Exercise description
Please give the listing again in full, leaving out its images.

Provided data
•••••

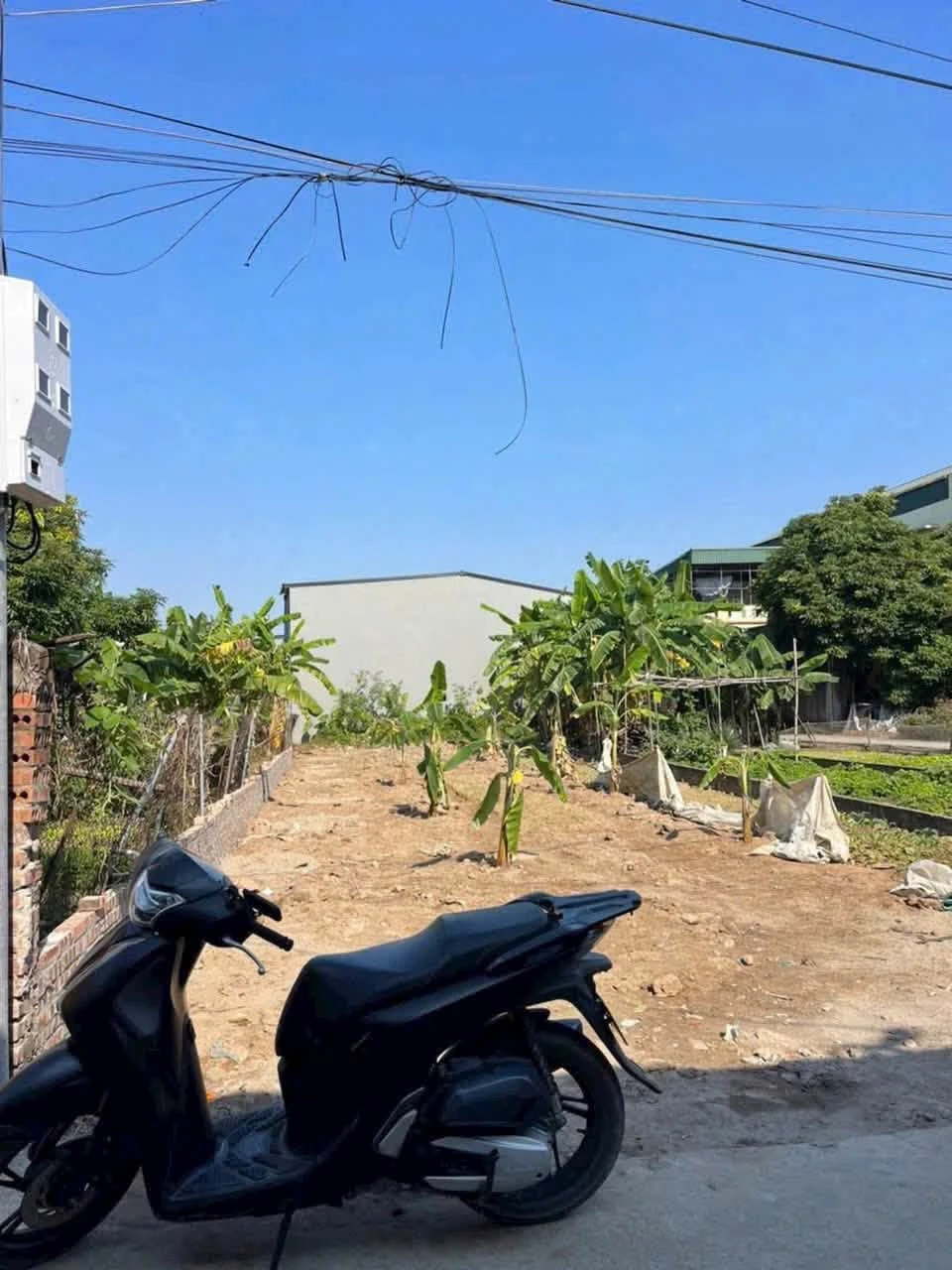 Bán 2 lô đất 100m² mặt tiền 4m Hải Phòng - Ảnh 1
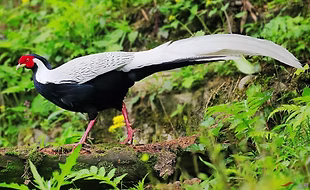 Omeiensis - Chengdu Old Wu 3 - Copia.jpg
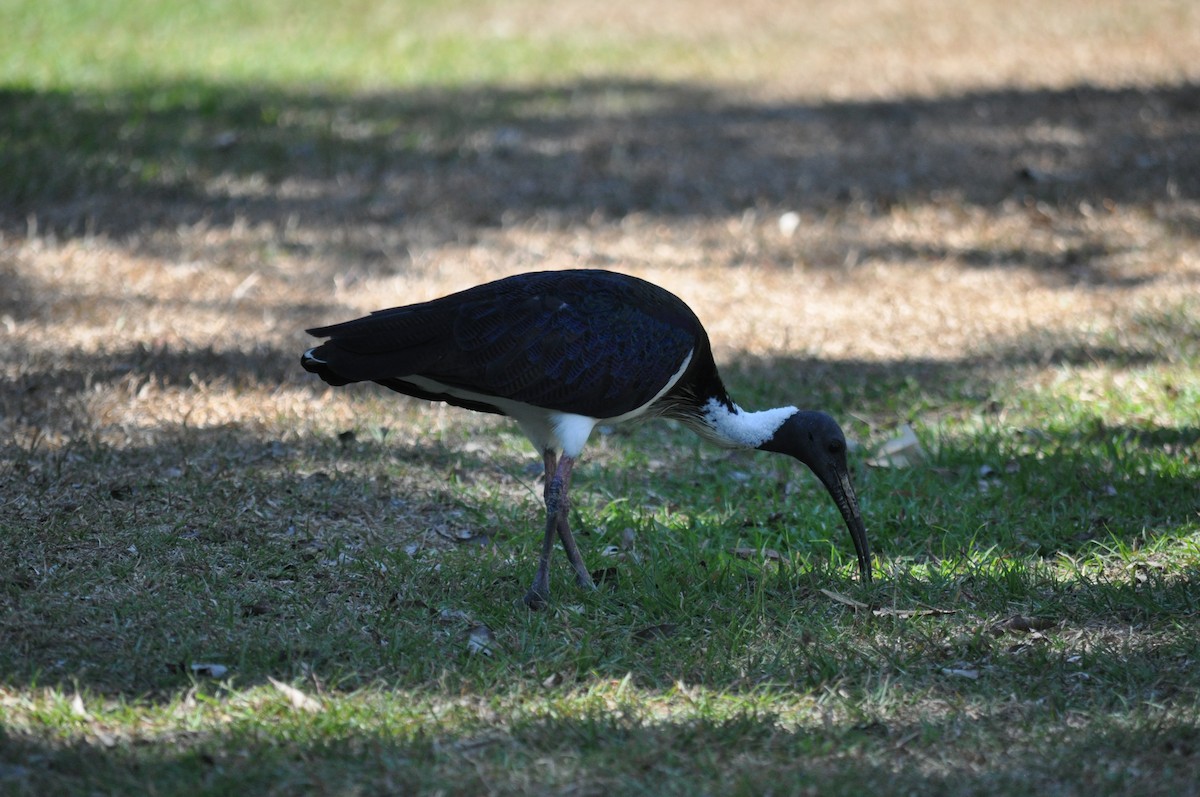 ibis slámokrký - ML207841721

•••••

Written response
 Bán 2 lô đất 100m² mặt tiền 4m Hải Phòng - Ảnh 1
 Omeiensis - Chengdu Old Wu 3 - Copia.jpg
 ibis slámokrký - ML207841721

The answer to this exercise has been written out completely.